Having an ADA compliant library is necessary by law, but you can go above the ADA requirements to become an ADA friendly library and better help your patrons with different abilities.
Think about how you address or how you and your colleagues talk about people with different abilities. Use phrases that highlight the person more than the disability. For example: a person who uses a wheelchair, a person who has a mental illness, a person with limited sight. The disability always comes second, and the person comes first. Also think about common phrases that might not be inclusive such as “falls on deaf ears” or “the weather is so bipolar this week.” While it is common to use deaf in this context and to refer to things as bipolar people who are deaf or have a bipolar disorder might not feel included if you use their different abilities as a negative. The words you use and how you use them matter. If you’re unsure how to refer to someone, just ask.

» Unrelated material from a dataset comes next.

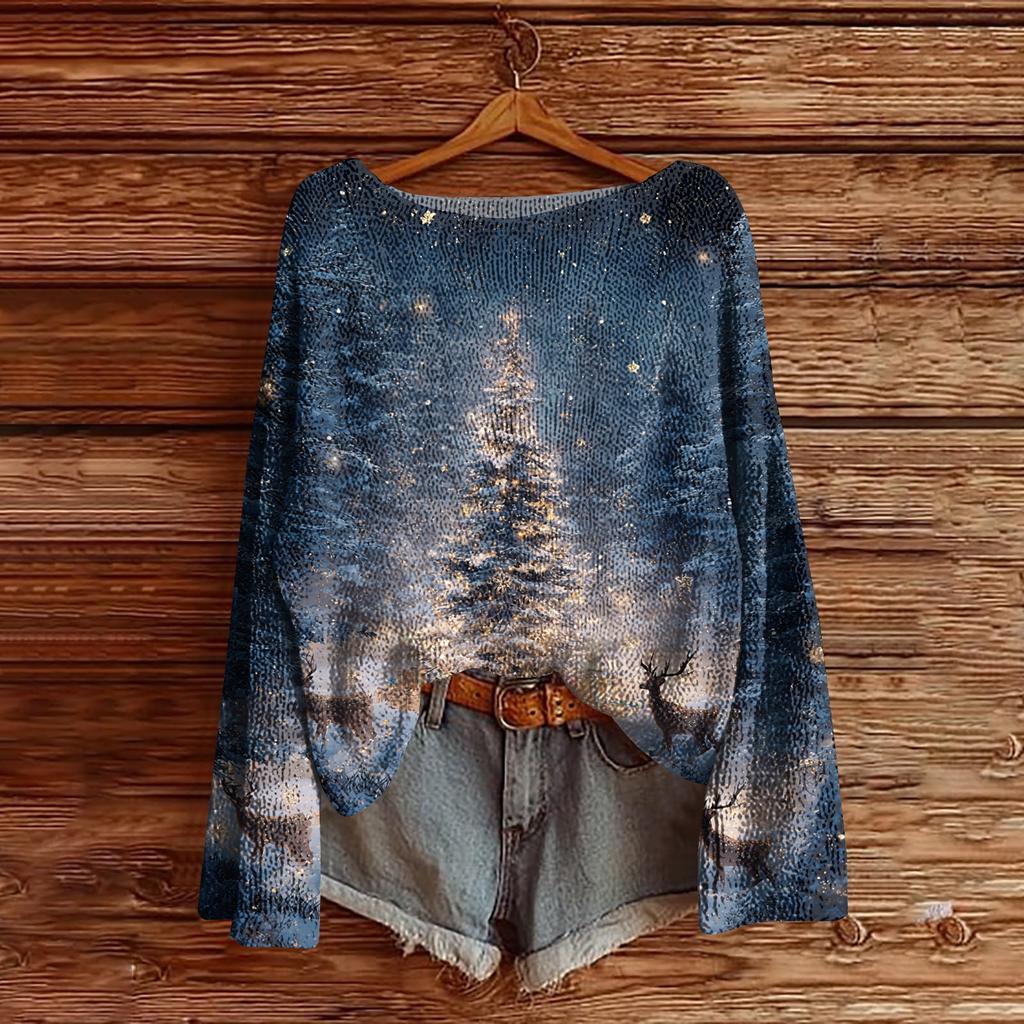 Women's Christmas Print Lightweight Sweater Casual Long Sleeve Knitted Pullover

But words are not the only part you and your library need to think about. Space, collections, accessibility of programs are all topics you should think about while making your library friendlier. Take into account the physical space of your library and how ADA requirements may require that you make some adjustments to how your library is arranged. The ADA requires 36 inches between aisles of shelving units, but the recommendation is 42 inches. Six inches may not seem like a big difference, but it could mean having a patron in a wheelchair be able to turn around in the middle of an aisle versus having to back out of an aisle or go the whole way down the aisle and retrace their path. There is a requirement of 40 inches between furniture, but again having a wider area, even if it is just a few inches, could make it easier for people using motorized wheelchairs, which can be larger than non-motorized wheelchairs, get around in the library.
Periodical shelving should not be taller than 48 inches, but there is not a listing for the height of bookshelves. Book shelving is another area to think about. If your library needs to use top and bottom shelves to fit the collection make sure there is signage pointing to where someone can ask for help if they cannot access a book. Sometimes books on the bottom shelves can be as hard to access as those on the top.

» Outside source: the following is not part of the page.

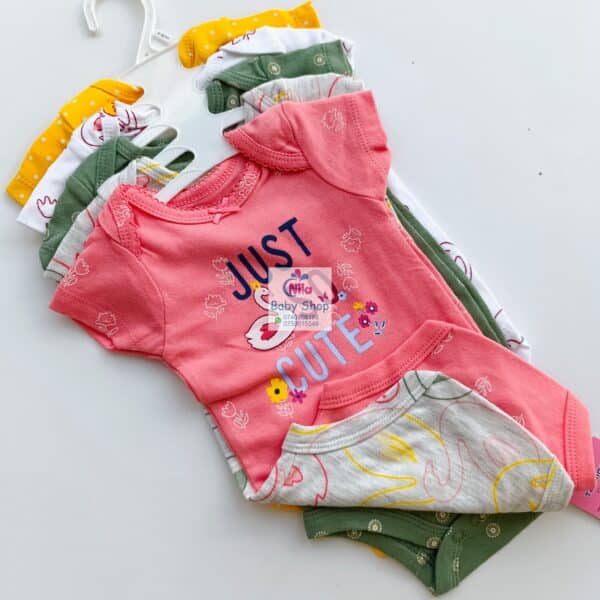 5-Pack Newborn Baby Girls Short-Sleeve Bodysuits - Image 2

Make sure your library staff is informed about alternatives. The Talking Books Program is amazing and not always talked about. In Pennsylvania, the local Library of Assisted Media for Pennsylvanians (LAMP) has wonderful handouts and does trainings for libraries. The Erie County Public Library staff has gone through several of them. This program provides large print and audiobooks plus players for people with sight differences. When I explain it to patrons, they think the program is not for them because they only have trouble reading regular print, but this program is for them. LAMP has a larger large print collection than most libraries could afford.
The Talking Books program can get audiobooks that are not commercially released as audiobooks because of the type of work they do. Check out your local Talking Books library and see if they have trainings available for you and your colleagues or staff. Also, the program has materials for kids and young adults as well.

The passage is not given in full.